» **TASK STATEMENT**: Reproduce the material below only from the line with "and Kina Lillet" to the line with "Voorkant van een", both included, keeping each line exact and dropping the pictures.

[DATA RECORDS]

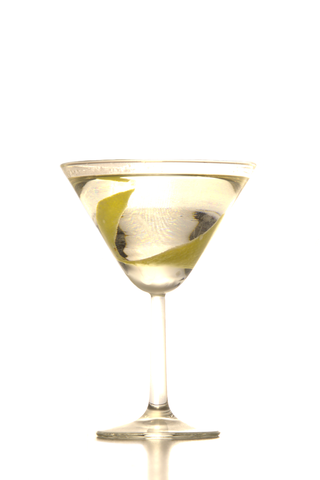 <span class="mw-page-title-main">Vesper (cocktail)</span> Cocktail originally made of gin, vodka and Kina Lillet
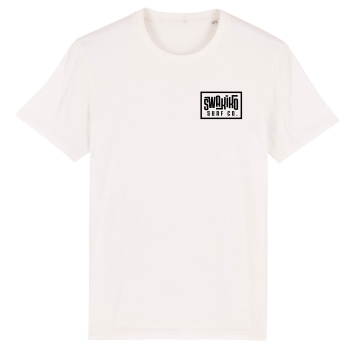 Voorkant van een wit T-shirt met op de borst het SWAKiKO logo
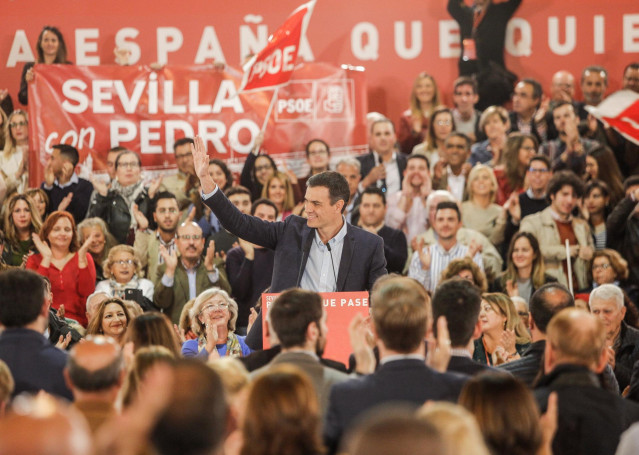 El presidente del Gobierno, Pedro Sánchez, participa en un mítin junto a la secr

[/DATA RECORDS]
[DATA RECORDS]

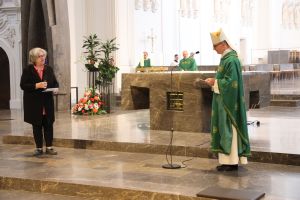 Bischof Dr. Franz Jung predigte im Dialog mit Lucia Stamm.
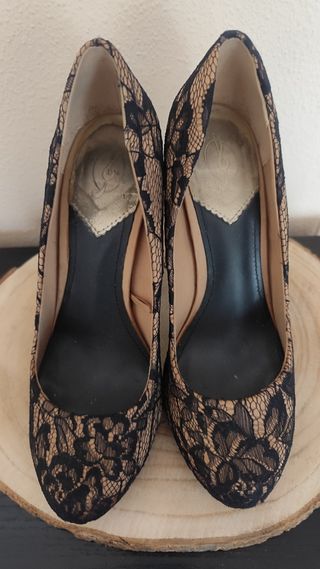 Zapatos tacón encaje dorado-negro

[/DATA RECORDS]

» **ANSWER**:
 <span class="mw-page-title-main">Vesper (cocktail)</span> Cocktail originally made of gin, vodka and Kina Lillet
 Voorkant van een wit T-shirt met op de borst het SWAKiKO logo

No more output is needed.